__YOUR OBJECTIVE__: Output the lines from the one holding "綠茶加重濕氣？濕氣體質(zhì)寒的人能喝綠茶嗎" to the end of the entries that follow, exactly and only those, minus any pictures.

__RECORDS FOR THE EXERCISE__:
# # # # #
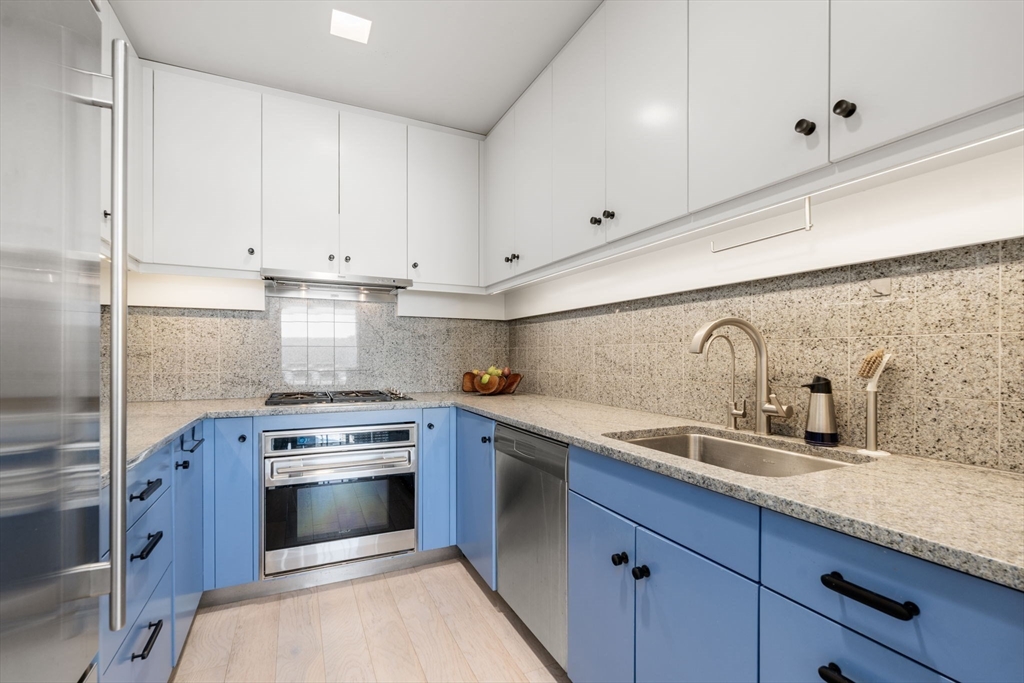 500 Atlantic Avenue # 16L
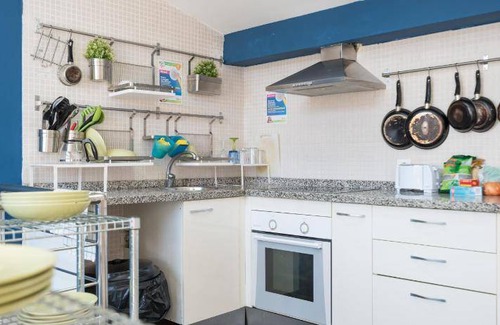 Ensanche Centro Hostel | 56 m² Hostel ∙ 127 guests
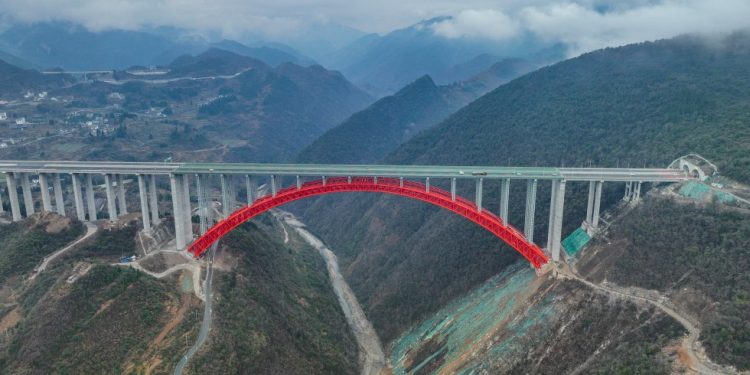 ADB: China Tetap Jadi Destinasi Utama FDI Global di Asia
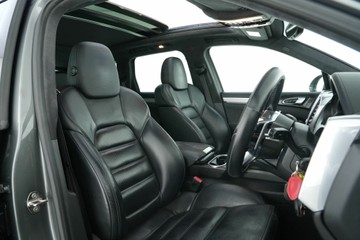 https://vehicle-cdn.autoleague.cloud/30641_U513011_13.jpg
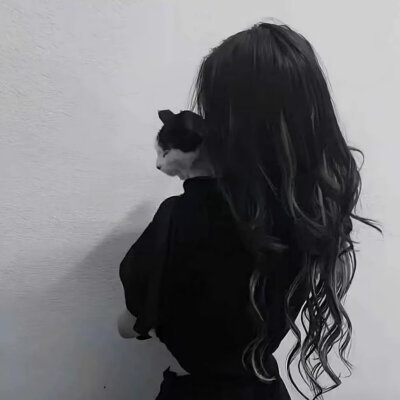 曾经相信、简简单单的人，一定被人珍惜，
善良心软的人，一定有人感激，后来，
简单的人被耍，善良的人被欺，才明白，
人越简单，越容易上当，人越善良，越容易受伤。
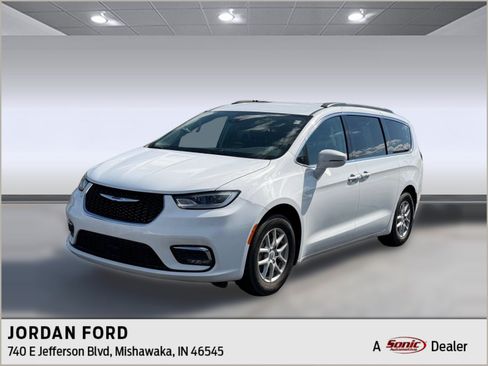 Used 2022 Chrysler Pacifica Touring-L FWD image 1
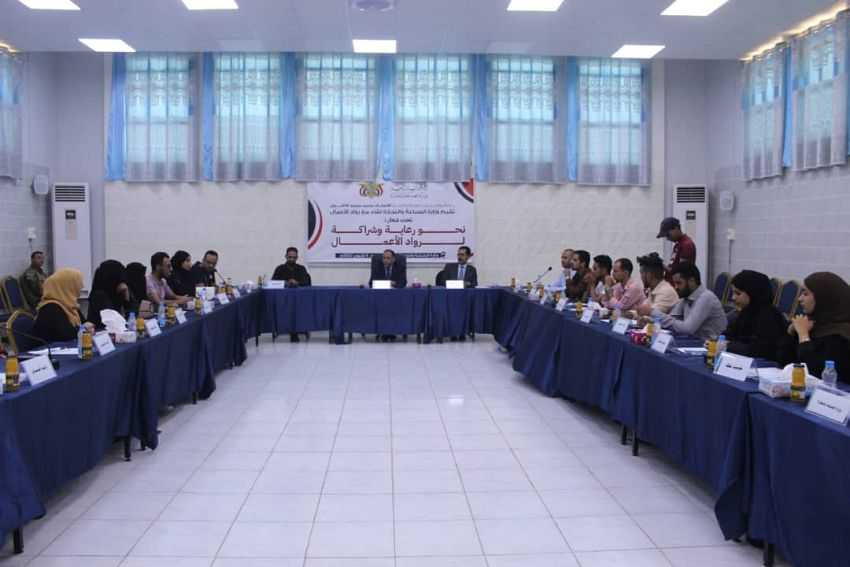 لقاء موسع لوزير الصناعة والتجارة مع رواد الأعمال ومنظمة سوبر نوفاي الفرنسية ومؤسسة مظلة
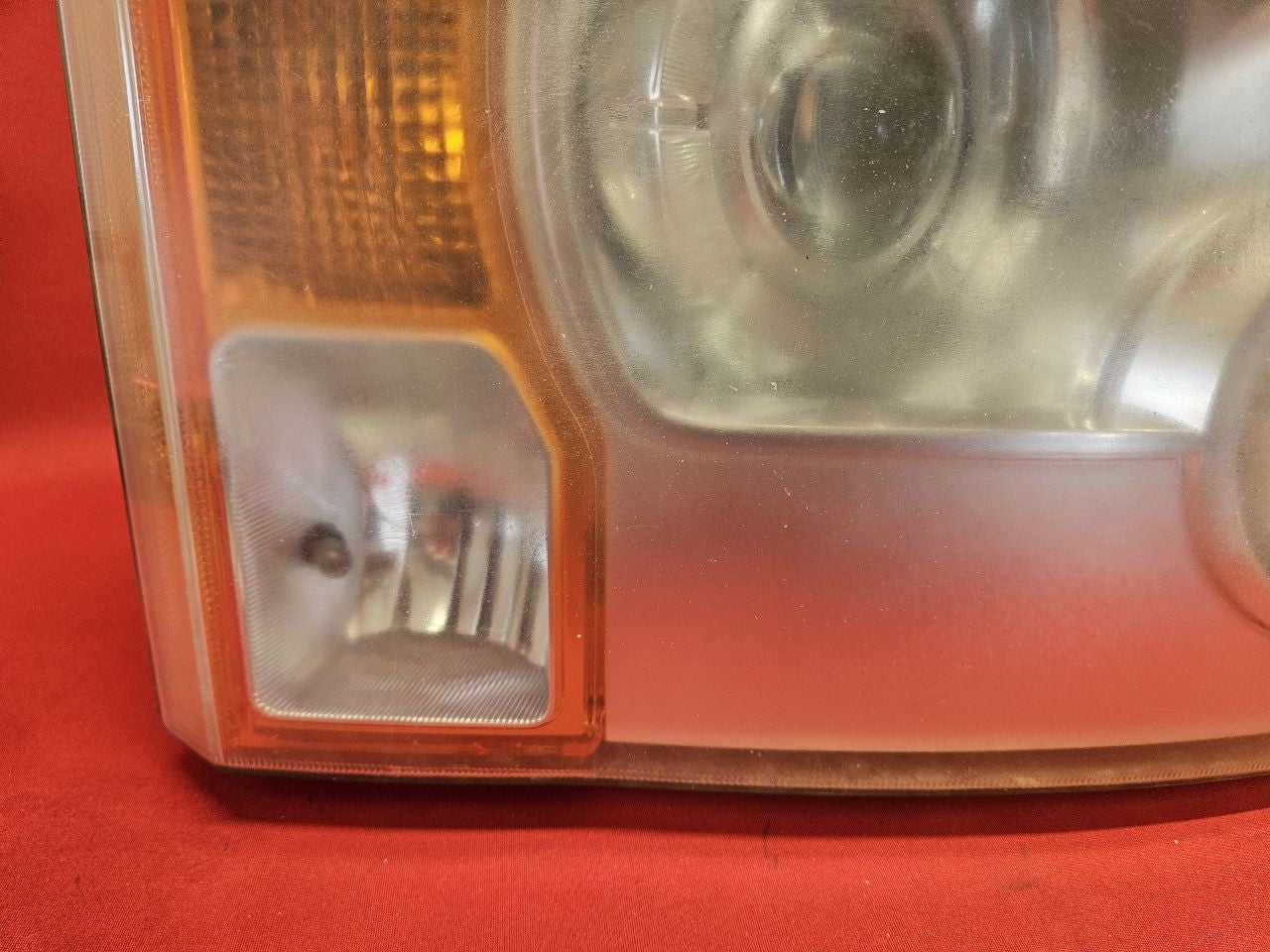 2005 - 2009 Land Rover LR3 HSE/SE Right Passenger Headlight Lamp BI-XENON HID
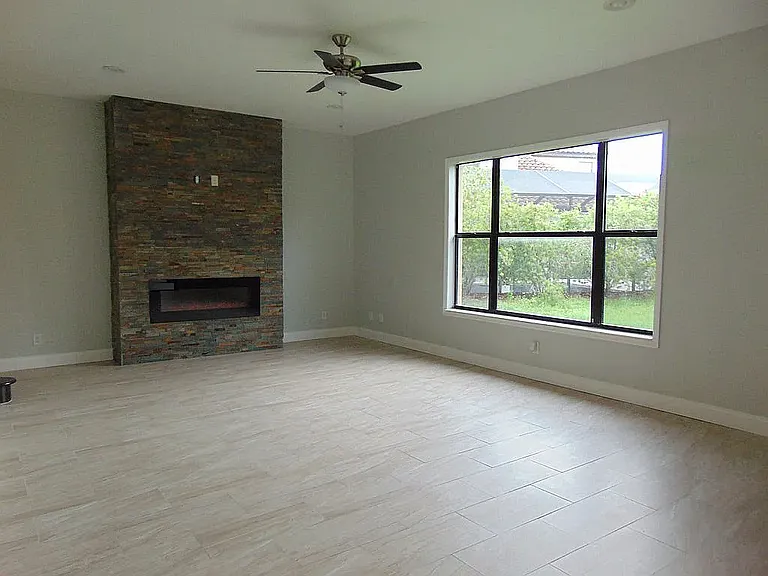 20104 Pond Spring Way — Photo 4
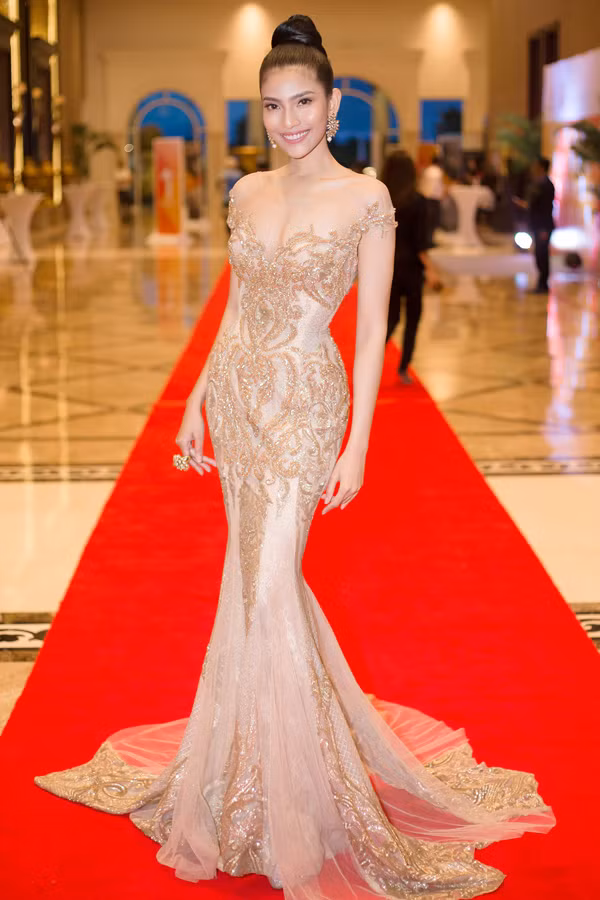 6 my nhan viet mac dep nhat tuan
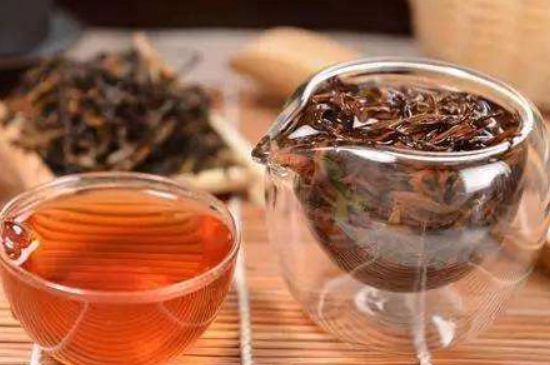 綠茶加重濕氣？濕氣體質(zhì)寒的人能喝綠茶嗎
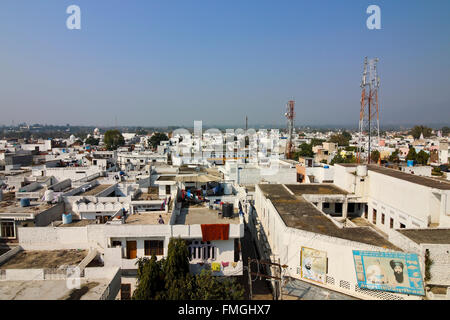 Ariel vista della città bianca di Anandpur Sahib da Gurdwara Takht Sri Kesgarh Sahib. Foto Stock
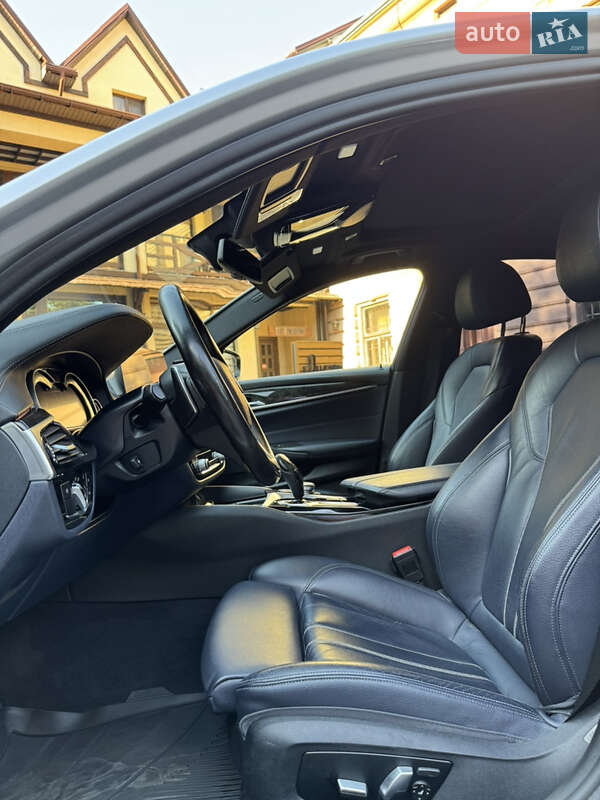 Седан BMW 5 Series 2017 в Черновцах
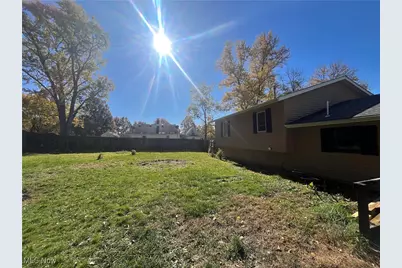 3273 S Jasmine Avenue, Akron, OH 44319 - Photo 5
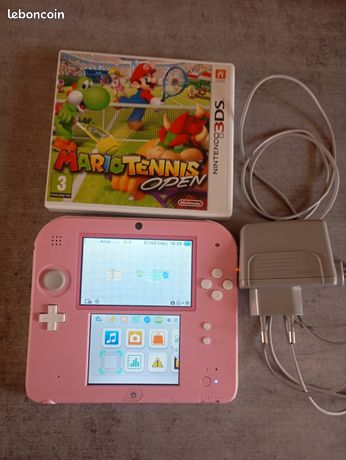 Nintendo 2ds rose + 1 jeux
# # # # #
__YOUR RESPONSE__:
 綠茶加重濕氣？濕氣體質(zhì)寒的人能喝綠茶嗎
 Ariel vista della città bianca di Anandpur Sahib da Gurdwara Takht Sri Kesgarh Sahib. Foto Stock
 Седан BMW 5 Series 2017 в Черновцах
 3273 S Jasmine Avenue, Akron, OH 44319 - Photo 5
 Nintendo 2ds rose + 1 jeux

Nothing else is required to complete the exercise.